Prokaryotic Expression Of Avian Metapneumovirous F Protein And Establishment Of Indirect ELISA Method

Avian metapneumovirus (aMPV) mainly causes acute respiratory tract infection in turkeys and chickens, such as turkey rhinotracheitis and swollen head syndrome. Avian metapneumoviruses have been classified into four subtypes (A, B, C, and D), subtypes A and B are prevalent in most countries around the world, while subtype C is only present in the USA and to a limited degree in France and Korea. Subtype D infection in turkeys has only been reported in France. Serology investigation showed that aMPV infection in China was mainly caused by subtype A. In order to understand the prevalence of aMPV infection in China and establish a cost-effective method for detection of antibodies against aMPV infection, this study for the first time demonstrated the presence of subtype C aMPV infection in most Chinese local meat-type commercial chicken farms surveyed by typing RT-PCR, expressed the host-protective immunogen fusion (F) protein in prokaryotic expression system, and established an indirect ELISA for aMPV serological survey. The results are shown as followed.Firstly, it was demonstrated that aMPV infection in chickens is mainly caused by subtype C through the detection of collected materials from part of China by RT-PCR method with published universal primers of aMPV.Secondly, truncated F protein lacking partial hydrophobic regions from subtype A was expressed by prokaryotic expression system and shown to be antigen activity by WB test.
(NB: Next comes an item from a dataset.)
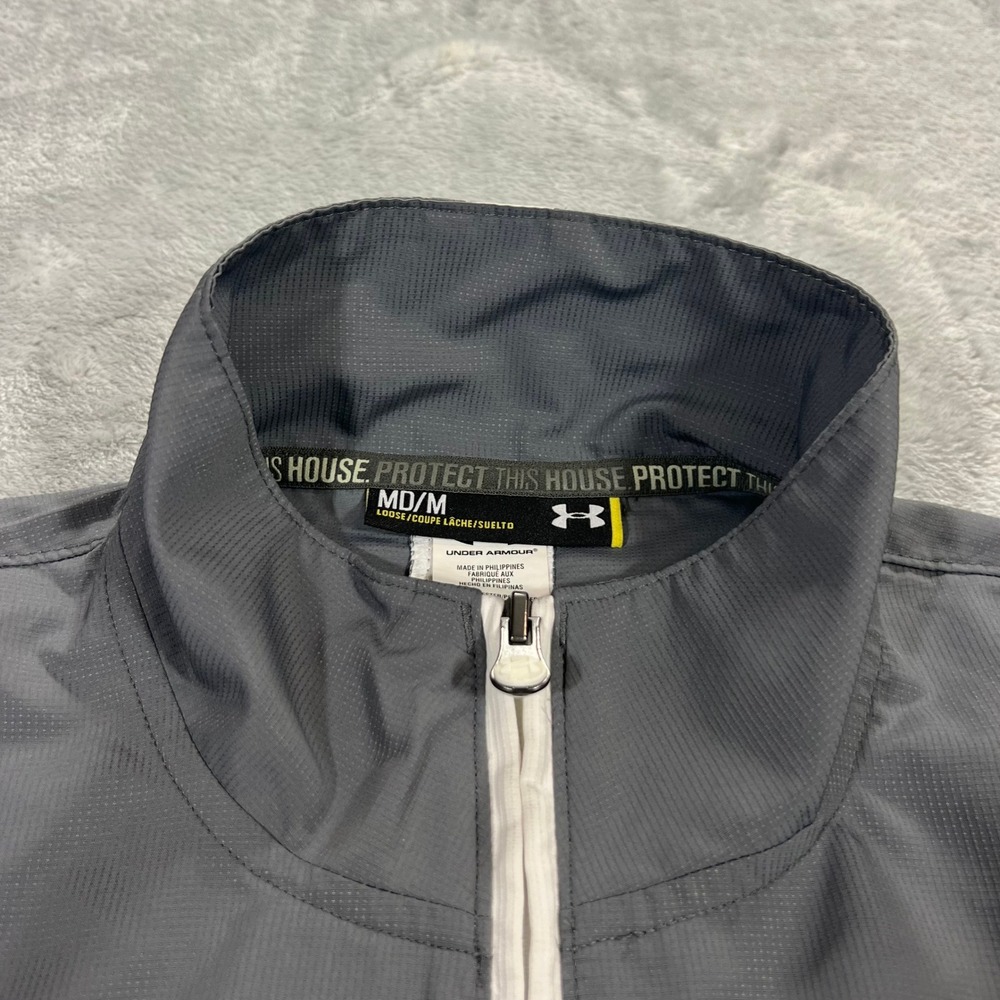 UNDER ARMOUR Pullover Mens Medium Grey Los Altos Football Quarter Zip - Picture 5 of 16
Then the purified monomer protein was obtained by cutting the tag protein of expression vector with enterokinase.Finally, the purified monomer protein served as an antigen to coat a 96-well ELISA plate, and the best reaction condition was obtained, resulting in the successful establishment of an indirect ELISA method. Compared with the detection results of IDEXX aMPV antibody detection kit (America), the general coincidence rate was 95.73%, which suggested the established indirect ELISA method with well specificity and sensitivity.In conclusion, the presence of aMPV subtype C infection in the commercial meat-type chickens implicated that aMPV-C viruses may be a potential hazard for chickens, and the establishment of the indirect ELISA method based upon expressed F truncated protein will facilitate to effective control for aMPV infection in chickens.